DATA SUPPLIED:

========================================

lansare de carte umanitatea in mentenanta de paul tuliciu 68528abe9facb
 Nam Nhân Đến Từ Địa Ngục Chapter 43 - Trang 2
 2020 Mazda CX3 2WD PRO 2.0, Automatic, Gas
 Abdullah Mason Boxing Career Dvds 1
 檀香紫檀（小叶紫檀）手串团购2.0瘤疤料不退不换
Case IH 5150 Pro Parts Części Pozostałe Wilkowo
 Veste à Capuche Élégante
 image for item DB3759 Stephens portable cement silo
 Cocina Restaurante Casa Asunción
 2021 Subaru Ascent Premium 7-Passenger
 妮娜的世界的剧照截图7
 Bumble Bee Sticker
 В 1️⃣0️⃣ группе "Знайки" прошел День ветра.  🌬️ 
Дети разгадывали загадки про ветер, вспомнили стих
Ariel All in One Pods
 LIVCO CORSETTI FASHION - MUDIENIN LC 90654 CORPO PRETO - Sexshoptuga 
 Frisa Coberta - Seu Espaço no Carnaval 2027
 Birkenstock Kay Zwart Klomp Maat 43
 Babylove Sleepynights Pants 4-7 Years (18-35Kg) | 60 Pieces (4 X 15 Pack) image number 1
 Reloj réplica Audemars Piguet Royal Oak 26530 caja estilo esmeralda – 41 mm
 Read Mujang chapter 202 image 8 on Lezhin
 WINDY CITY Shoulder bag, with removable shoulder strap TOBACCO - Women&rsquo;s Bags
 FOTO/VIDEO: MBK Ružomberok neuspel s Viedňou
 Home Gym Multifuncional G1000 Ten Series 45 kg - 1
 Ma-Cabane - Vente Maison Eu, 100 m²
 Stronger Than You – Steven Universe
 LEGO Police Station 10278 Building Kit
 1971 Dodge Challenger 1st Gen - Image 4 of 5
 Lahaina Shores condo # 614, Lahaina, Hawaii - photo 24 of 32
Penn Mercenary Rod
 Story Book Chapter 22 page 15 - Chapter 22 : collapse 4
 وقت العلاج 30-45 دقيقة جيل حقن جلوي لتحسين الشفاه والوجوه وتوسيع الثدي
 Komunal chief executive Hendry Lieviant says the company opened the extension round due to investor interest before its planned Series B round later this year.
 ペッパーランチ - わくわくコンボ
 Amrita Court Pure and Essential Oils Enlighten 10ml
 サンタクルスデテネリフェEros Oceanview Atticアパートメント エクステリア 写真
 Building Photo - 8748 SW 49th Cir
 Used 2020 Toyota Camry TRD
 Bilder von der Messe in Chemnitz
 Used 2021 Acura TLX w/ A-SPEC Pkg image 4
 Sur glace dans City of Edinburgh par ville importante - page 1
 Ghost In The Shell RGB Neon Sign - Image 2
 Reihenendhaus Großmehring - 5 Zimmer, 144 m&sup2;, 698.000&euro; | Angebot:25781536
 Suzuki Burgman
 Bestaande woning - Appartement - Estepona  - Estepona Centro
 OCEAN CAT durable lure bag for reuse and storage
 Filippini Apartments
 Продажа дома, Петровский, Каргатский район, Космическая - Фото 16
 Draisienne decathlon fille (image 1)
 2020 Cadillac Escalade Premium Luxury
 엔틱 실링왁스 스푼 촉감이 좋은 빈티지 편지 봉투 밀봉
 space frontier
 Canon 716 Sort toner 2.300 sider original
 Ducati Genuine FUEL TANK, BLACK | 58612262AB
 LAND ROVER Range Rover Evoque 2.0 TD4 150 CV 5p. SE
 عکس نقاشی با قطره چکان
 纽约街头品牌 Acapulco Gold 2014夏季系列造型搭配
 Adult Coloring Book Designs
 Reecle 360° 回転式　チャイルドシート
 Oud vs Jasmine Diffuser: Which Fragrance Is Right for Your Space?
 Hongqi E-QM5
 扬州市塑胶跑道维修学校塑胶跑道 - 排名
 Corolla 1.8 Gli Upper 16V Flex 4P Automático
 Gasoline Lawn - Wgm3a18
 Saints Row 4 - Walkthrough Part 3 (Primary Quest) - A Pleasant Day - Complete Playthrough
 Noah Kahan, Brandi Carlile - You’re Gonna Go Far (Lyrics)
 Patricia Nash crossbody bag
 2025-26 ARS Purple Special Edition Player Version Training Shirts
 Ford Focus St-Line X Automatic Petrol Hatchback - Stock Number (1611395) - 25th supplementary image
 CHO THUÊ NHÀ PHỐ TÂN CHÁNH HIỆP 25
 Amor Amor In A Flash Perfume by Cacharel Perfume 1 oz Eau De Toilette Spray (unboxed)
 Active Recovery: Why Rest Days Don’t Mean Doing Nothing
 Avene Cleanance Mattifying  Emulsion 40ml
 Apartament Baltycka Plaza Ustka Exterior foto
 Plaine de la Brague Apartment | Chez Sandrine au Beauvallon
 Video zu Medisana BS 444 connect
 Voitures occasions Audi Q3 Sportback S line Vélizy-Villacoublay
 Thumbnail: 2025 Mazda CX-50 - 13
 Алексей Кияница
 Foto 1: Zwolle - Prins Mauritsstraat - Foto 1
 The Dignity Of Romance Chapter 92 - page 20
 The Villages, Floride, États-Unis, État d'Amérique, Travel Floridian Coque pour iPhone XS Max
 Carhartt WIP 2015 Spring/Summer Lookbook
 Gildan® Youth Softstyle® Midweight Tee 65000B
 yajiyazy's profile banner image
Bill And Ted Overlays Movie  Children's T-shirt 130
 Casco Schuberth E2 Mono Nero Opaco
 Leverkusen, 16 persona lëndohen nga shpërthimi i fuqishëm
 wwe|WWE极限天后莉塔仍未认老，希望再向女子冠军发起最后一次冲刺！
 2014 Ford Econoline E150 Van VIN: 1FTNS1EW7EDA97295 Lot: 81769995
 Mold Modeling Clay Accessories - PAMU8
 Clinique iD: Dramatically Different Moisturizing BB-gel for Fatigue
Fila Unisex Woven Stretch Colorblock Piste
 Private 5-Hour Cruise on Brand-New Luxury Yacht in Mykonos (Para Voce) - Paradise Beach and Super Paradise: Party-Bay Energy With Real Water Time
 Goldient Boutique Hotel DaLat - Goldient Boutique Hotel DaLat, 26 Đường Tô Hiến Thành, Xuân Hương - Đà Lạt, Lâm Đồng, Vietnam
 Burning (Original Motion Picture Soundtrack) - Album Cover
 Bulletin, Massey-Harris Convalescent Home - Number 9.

========================================

YOUR ASSIGNMENT: For the records above, how many lines contain the word "page"? Reply with the number only.

RESULT: 3